Una delle regole di Dario Fo, dice, era quella che non bisognava mai mollare. Nel libro, Jacopo scrive che “non mollare può diventare l’anticamera del martirio”. Spiega perché:

«Per questo ho dovuto consultare uno psichiatra bravissimo, proprio per capire cosa mi scatta nella testa. “Dottore, non posso smettere di fare quello che sto facendo, qualunque cosa succeda”. E lui: “Perché, se ti fermi cosa accade?” Dopo la domanda sono andato in crisi, nella mia mente non esisteva quel quadratino, non esisteva il diritto di buttarmi in terra e piangere.
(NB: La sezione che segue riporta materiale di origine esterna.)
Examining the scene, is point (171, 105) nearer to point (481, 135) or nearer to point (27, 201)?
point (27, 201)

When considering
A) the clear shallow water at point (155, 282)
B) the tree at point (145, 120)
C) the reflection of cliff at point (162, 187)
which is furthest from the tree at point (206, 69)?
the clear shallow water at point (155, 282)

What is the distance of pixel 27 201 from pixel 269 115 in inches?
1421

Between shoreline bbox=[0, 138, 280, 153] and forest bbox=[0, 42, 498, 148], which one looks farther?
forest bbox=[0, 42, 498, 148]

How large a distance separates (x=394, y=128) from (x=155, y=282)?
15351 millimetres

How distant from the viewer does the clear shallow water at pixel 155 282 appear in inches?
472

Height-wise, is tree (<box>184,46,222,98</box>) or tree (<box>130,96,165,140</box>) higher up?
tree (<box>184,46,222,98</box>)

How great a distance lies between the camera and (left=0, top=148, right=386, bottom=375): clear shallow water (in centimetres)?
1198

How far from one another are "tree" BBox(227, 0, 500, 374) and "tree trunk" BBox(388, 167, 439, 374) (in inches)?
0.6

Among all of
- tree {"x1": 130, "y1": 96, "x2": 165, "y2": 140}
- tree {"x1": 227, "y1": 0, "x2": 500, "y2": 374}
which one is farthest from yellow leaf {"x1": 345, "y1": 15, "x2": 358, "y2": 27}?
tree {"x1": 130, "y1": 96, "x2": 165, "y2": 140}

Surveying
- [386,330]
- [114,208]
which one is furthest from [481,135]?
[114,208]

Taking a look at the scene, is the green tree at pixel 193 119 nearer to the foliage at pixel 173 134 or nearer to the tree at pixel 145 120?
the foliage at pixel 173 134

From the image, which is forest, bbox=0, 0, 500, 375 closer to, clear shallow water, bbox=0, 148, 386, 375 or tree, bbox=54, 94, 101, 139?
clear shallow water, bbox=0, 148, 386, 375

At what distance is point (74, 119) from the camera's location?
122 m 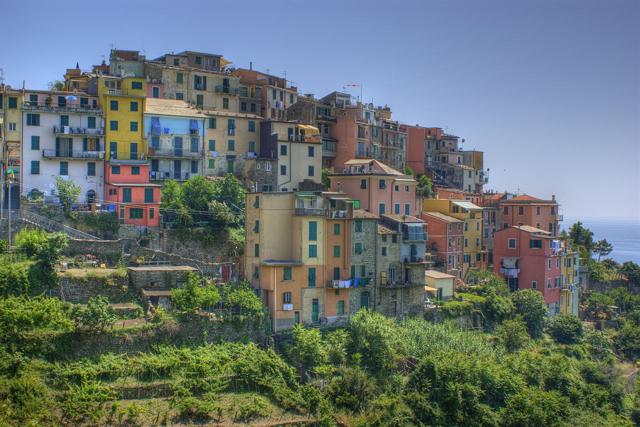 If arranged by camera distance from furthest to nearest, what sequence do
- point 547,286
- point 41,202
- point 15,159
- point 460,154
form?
point 460,154, point 547,286, point 15,159, point 41,202

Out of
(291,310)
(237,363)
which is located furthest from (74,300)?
(291,310)

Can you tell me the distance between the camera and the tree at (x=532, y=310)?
62062 mm

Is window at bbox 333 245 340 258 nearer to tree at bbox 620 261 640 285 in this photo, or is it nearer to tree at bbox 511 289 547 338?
tree at bbox 511 289 547 338

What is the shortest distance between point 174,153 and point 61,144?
8168 mm

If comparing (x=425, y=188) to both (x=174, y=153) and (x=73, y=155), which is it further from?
(x=73, y=155)

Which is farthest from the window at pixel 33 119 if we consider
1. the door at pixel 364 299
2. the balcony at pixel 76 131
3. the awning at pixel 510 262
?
the awning at pixel 510 262

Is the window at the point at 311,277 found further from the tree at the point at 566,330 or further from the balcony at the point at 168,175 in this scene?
the tree at the point at 566,330

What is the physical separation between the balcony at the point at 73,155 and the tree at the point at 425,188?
29250 mm

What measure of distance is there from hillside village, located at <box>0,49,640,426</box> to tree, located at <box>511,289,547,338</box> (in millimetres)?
140

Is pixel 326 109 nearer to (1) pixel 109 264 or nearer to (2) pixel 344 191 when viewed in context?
(2) pixel 344 191

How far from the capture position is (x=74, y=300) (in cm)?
4556

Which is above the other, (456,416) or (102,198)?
(102,198)

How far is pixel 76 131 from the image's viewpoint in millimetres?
56250

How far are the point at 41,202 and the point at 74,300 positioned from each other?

Da questo punto di vista la mia famiglia era disumana».

Su sua madre:

«Lei urlava, piangeva, emetteva emozioni, però all’atto pratico era un carro armato, non in grado di deviare dalle sue azioni; azioni gestite in chiave fisiologica, quasi animalesca. Mio padre uguale ma senza piangere e senza urlare».

Anche dopo il rapimento, Franca Rame non disse nulla. Nonostante ciò che provava, all’esterno sembrava impassibile.
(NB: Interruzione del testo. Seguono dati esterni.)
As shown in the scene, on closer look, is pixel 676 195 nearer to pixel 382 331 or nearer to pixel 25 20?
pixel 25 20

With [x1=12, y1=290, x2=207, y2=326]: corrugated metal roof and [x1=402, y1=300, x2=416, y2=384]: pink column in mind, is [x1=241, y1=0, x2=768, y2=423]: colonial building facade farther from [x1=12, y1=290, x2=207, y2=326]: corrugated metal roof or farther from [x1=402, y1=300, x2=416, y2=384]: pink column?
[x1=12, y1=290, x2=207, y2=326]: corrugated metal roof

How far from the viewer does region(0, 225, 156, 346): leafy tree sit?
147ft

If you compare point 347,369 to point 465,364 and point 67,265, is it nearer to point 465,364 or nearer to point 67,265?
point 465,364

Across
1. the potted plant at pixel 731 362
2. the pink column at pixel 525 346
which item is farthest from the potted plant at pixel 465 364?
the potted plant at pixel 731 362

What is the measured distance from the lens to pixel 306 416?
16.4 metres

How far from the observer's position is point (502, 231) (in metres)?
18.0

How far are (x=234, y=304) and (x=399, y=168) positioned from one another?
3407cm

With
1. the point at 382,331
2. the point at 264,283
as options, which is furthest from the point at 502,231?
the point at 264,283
Che la sua famiglia fosse speciale gli è stato chiaro alle medie.

«Da piccolo non avevo metri di paragone, solo alle medie ho intuito che provenivo da “marziani”. Non capivo di calcio, di musica, di auto. Capivo la storia del Vietnam, la Rivoluzione cinese, Barbarossa contro i milanesi o Prevert».

L’interazione con gli altri bambini era

«un dramma. Anche al liceo c’era poca gente con la quale potevo confrontarmi, e l’altro dramma è che non riuscivo a scindere la comunicazione verbale dall’attrazione sessuale: ho rinunciato a ragazze bellissime, che magari ci stavano, ma a un certo punto me ne andavo con la frase “non posso stare qui, non parliamo di niente”. E fuggivo».